Task item: Word for word, repeat the lines of the records from the first line up to and including the line that contains "7479751 Bmw 2020-2025", passing over any pictures.

Stored items from a collection:

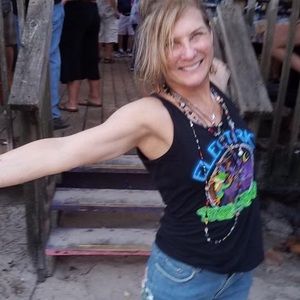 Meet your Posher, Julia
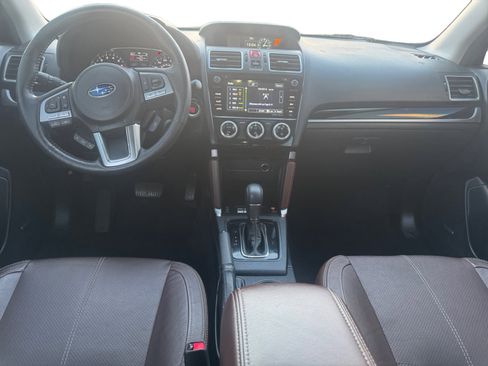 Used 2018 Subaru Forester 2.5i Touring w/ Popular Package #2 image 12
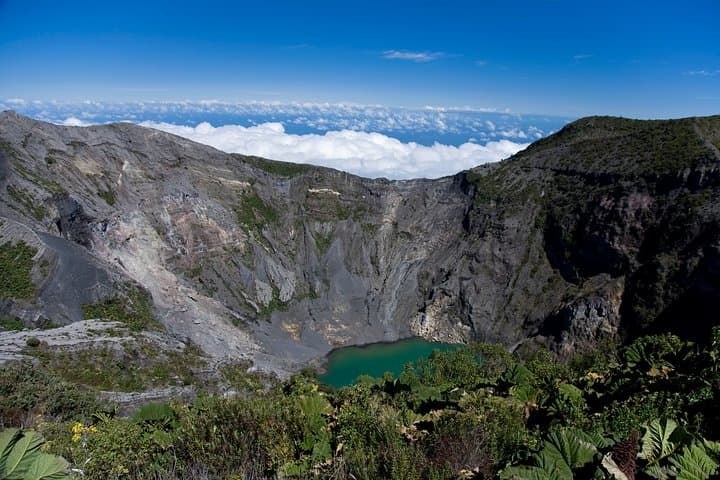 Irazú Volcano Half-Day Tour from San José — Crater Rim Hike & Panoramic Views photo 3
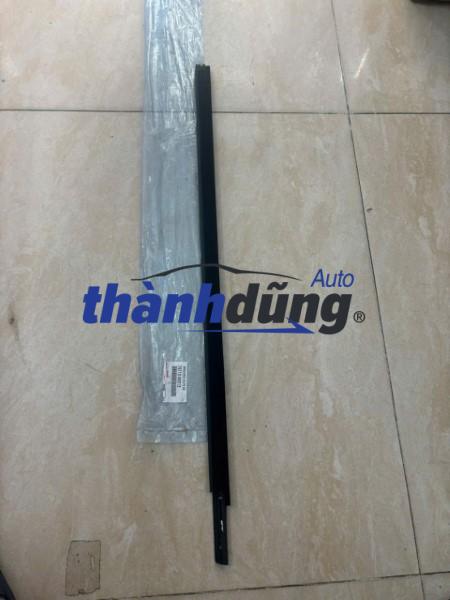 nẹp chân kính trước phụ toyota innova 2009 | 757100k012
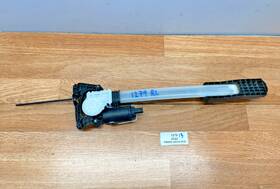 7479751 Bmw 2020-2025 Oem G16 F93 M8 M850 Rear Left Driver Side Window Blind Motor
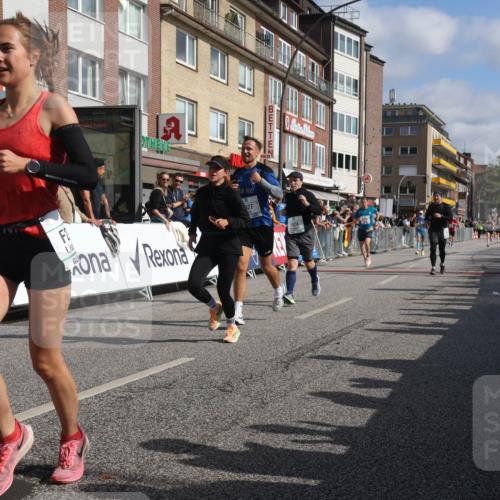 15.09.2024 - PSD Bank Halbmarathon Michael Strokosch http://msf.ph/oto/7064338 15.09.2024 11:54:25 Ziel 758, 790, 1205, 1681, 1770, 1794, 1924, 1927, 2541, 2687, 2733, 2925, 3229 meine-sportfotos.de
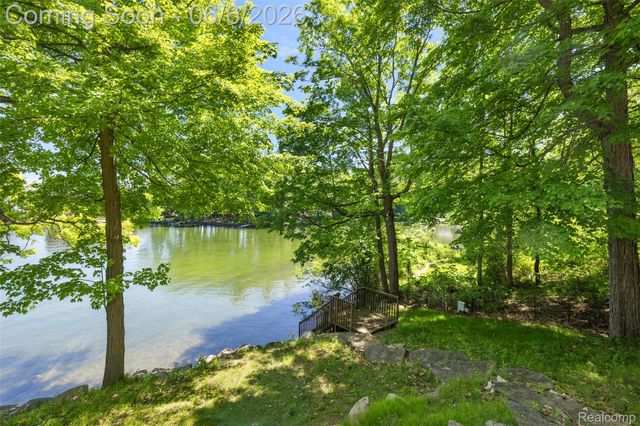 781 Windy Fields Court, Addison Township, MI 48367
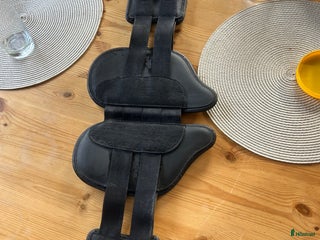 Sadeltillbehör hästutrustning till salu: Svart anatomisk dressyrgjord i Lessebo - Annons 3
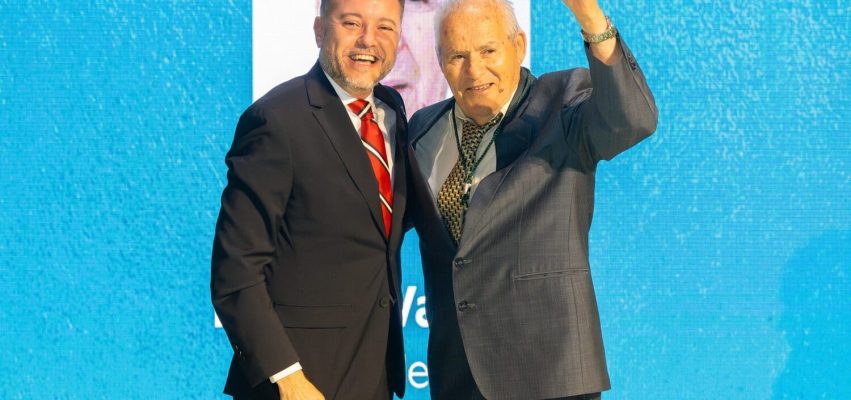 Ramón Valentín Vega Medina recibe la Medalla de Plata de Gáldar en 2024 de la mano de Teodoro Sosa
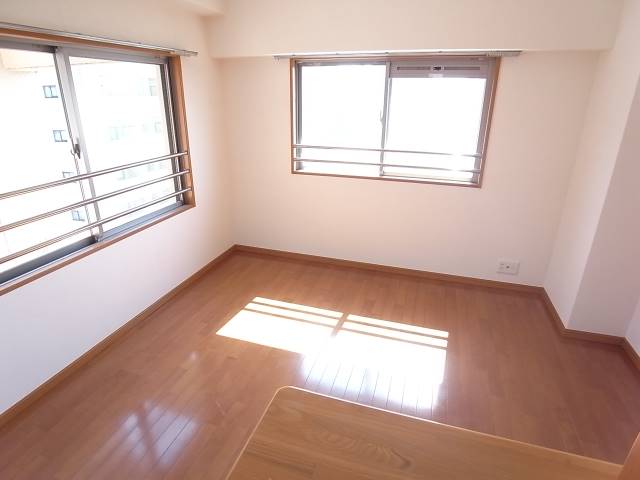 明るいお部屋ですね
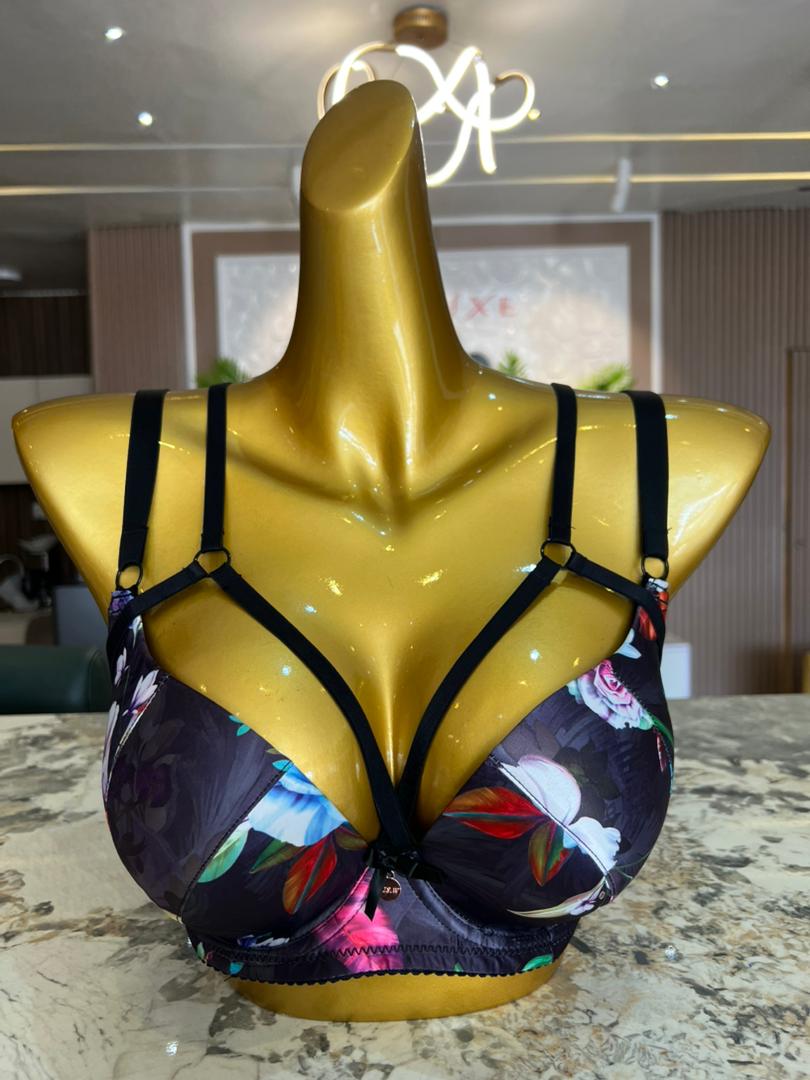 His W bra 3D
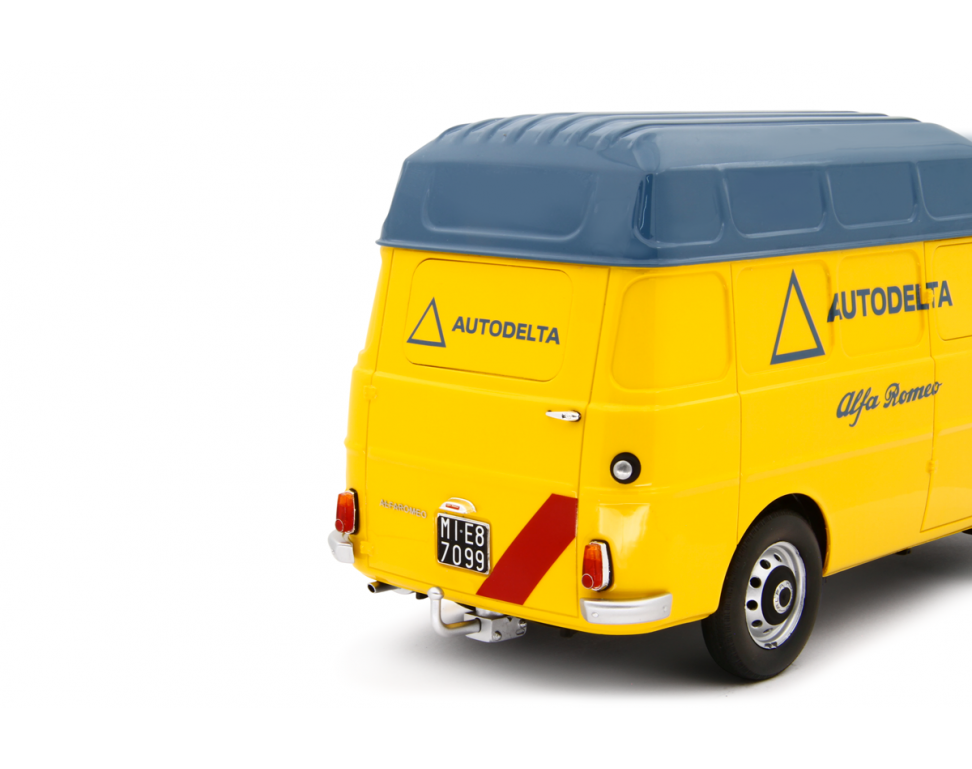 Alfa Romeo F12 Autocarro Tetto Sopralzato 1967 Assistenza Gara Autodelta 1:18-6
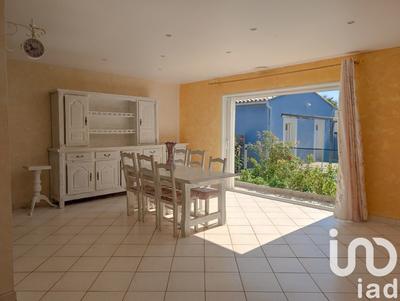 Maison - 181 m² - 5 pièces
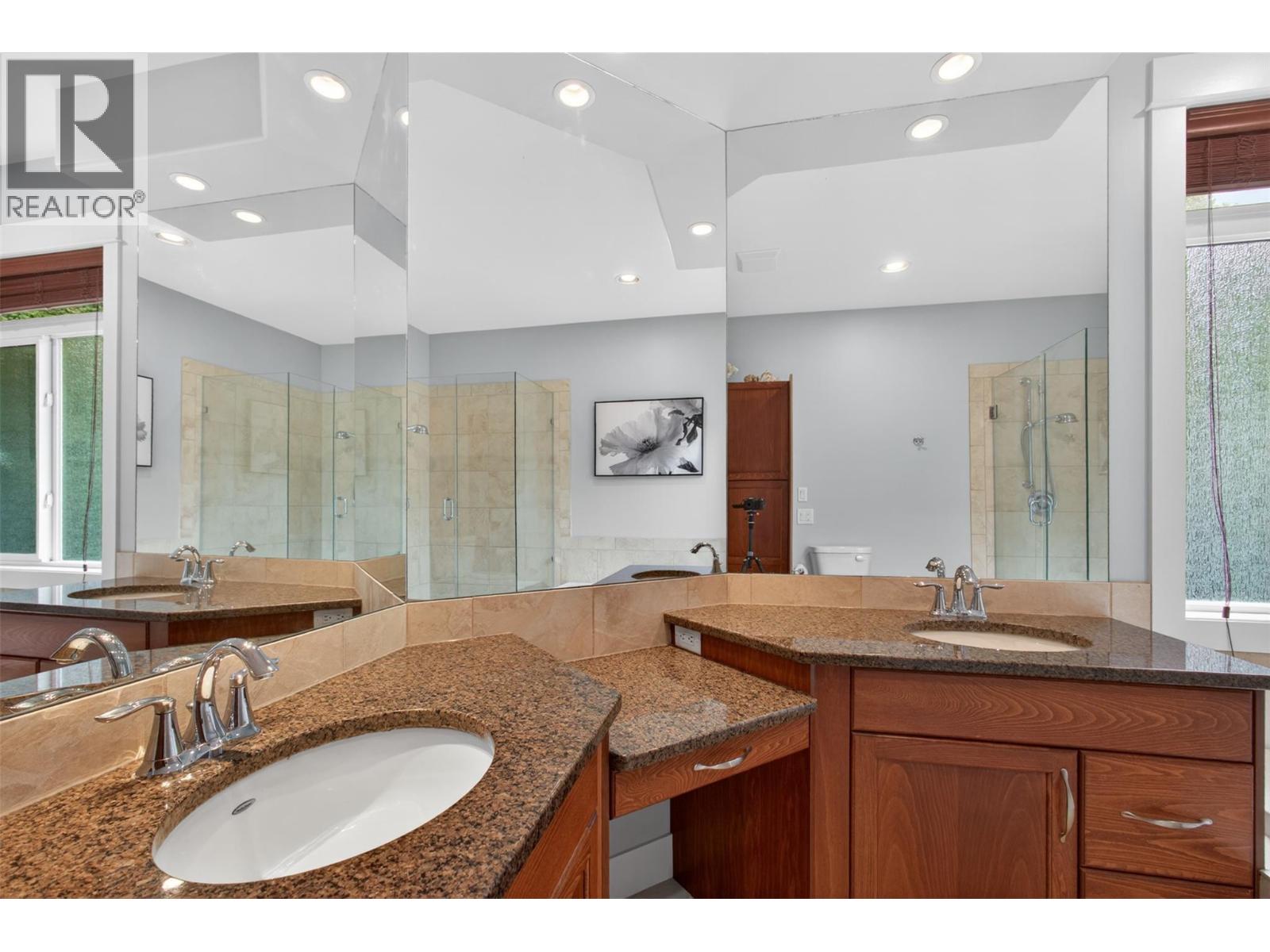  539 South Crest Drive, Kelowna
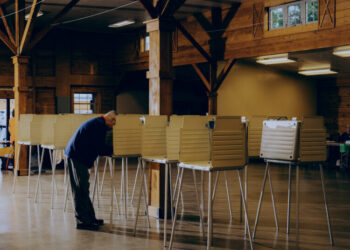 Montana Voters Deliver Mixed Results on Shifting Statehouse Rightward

Solution to the problem:
 Meet your Posher, Julia
 Used 2018 Subaru Forester 2.5i Touring w/ Popular Package #2 image 12
 Irazú Volcano Half-Day Tour from San José — Crater Rim Hike & Panoramic Views photo 3
 nẹp chân kính trước phụ toyota innova 2009 | 757100k012
 7479751 Bmw 2020-2025 Oem G16 F93 M8 M850 Rear Left Driver Side Window Blind Motor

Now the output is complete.